I hate methedrine. Hate everything about it. Hate it so much, can’t even rationally discuss it.

That stuff is truly evil. I guess someone really did come up with a drug that is worthy of those high school drug score stories.

Is methadrine the same thing as methamphetamine, because that is what those “meth” public service announcements are about. :confused:

ETA: Cite.

Wow, sure put the smashed egg as your brain on drugs ads to shame.

The problem is, true as they are, I think a lot of kids don’t believe it could be “that bad.” I think Dr. Phil’s show on those meth/junkie twins was as stark a lesson as anyone could get on the subject. They’re real. Kids who are inexperienced in the ravages of meth might think those ads filled with actors are overkill.

They ought to go into some rehab hospitals or take the camera to the streets and give these kids the real deal (even though these ads aren’t exaggerating in the slightest).

Some of the print ads are pretty good too. My favorite is the lipstick one.

Yep. “The Man” has cried wolf so many times over so many drugs that they’ve lost all credibility in my book.
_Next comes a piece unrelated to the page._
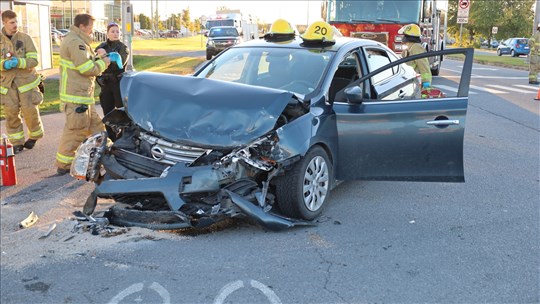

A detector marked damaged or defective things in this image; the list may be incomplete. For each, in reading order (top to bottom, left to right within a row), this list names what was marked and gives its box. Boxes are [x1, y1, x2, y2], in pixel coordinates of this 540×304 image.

damaged hood panel [120, 71, 296, 147]
damaged sedan [70, 21, 472, 230]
Even though I strongly suspect that meth is worse than other things which have been similarly portrayed over the years (like pot), I wouldn’t believe any agency in any way connected with state or federal law enforcement, rehab or anti-drug funds about the issue.

Here’s what recently happened to my friend’s brother, on account of meth:

:frowning:

I don’t remember if it was in Montana or North Dakota, but there are anti-Meth ads all over in one of them, big billboards to just small signs in farmer’s fields. I had no idea it was such a problem out West in the small towns. I guess I’m just insulated from it in my nice little middle-class life in the suburbs?

It’s a pretty big problem up here too Ginger.

I got to see a lot of it first hand (I never did any meth myself, but my roommates did, and I saw the friends they made and would bring over who were often homeless and would crash in our apartment).

Probably a good idea I got out when I did.

Those commercials scare the hell out of me, by the way.

My understanding is that it’s not only raging in suburbia, but it is the 21st century version of Mother’s Little Helper. Respectable housewives are falling prey to it because in the beginning it “gets them through their busy day.”

http://www.dea.gov/concern/meth.html

http://www.dea.gov/concern/meth.html

How about this one?

There’s a girl out here - maybe 21 years old - who was really pretty a few years ago. Gorgeous. She worked at the corner store and I remember envying her flawless skin. She started hanging out at the meth dealer’s place across the street from me. She used to rock the waif look, now she just looks like a skeleton with some rawhide pulled over it.

Thing is, all you’d have to do to see what would happen is look at the dealer herself. She looks like she used to be very pretty. Now she’s all dried up with no teeth. Evidently the message simply isn’t strong enough for some people.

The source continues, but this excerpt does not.